Bülent Arınç bir yıl önce katıldığı bir programdaki sözleri yeniden gündem olunca sosyal medya üzerinden konuşmasına yönelik açıklama yaptı. Arınç, “Programın yayınlandığı dönemde gündem olmayan bu ifadelerin bugün kasıtlı olarak kamuoyuna yeniden servis edilmesi manidardır. Ne kimseyi suçlama ne de kimseyi aklama çabası içerisindeyim" dedi.
Eski Meclis Başkanı ve Cumhurbaşkanlığı Yüksek İstişare Kurulu'nun eski üyesi Bülent Arınç’ın bir yıl önce TV5’te katıldığı bir programda söylediği sözler, Cumhurbaşkanı Erdoğan’ın tutuklu iş insanı Osman Kavala’ya yönelik 'Sorosçu' ithamlarının ardından yeniden gündeme geldi.

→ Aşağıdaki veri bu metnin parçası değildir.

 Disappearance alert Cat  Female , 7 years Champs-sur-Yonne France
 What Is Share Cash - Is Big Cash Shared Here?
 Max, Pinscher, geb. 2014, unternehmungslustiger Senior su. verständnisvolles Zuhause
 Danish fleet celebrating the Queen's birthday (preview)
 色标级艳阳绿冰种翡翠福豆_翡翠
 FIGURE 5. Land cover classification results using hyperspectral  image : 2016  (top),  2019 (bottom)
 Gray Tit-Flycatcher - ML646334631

Arınç o dönem katıldığı programda, “O zaman baş tacı ettiğimiz şu anda da bir yerlerde başı olan bir insanın ‘vay Sorosçu’ diyerek bir kısım insanların suçlanması yanlış. Kendimize bir saygımız olmalı” şeklinde konuşmuştu.
Sosyal medya ve bazı basın yayın kuruluşlarında Soros’un kurucusu olduğu Açık Toplum Enstitüsü ve TESEV ile ilgili kullandığım ifadelerin gündeme getirildiğini görüyorum.

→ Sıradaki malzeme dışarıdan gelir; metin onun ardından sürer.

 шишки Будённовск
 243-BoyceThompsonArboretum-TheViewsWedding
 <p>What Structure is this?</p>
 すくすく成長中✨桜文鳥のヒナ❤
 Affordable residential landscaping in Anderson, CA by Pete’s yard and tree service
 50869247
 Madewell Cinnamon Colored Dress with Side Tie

— Bülent Arınç (@bulent_arinc) October 26, 2021
Programın yeniden gündeme gelmesiyle Arınç, sosyal medya hesabı üzerinden bir paylaşım yaptı. Programın bir yıl önce kaydedildiğini hatırlatan Arınç, açıklamasında sarf ettiği ifadelerin hiç kimseye cevap mahiyeti taşımadığını söyleyerek şunları aktardı:
"Bu ifadelerin bugün kasıtlı olarak kamuoyuna yeniden servis edilmesi manidardır"
“Programın yayınlandığı dönemde gündem olmayan bu ifadelerin bugün kasıtlı olarak kamuoyuna yeniden servis edilmesi manidardır. Ne kimseyi suçlama ne de kimseyi aklama çabası içerisindeyim. Sadece bir yaşanmışlığı aktardım. O programda da ifade ettiğim gibi iktidarımızın ilk döneminde TESEV’in yaptığı araştırmaları göz önünde bulundurur; temsilcileri ile görüşür, fikirlerini de muteber olarak değerlendirirdik. Nitekim Açık Toplum Enstitüsü’nün o dönemki Danışma Kurulu Başkanı Can Paker de programın ardından bana gönderdiği bir mesaj ile kendisi ve kurumu hakkında sarf ettiğim cümleleri onaylamış ve bana teşekkür etmiştir. Tüm bunlar bir kenara, bu konunun tek muhatabı ben değilim. O dönem ortaya koyduğumuz politikaların karar vericileri ve uygulayıcıları olarak tüm çalışma arkadaşlarım da bu durumun şahididir.”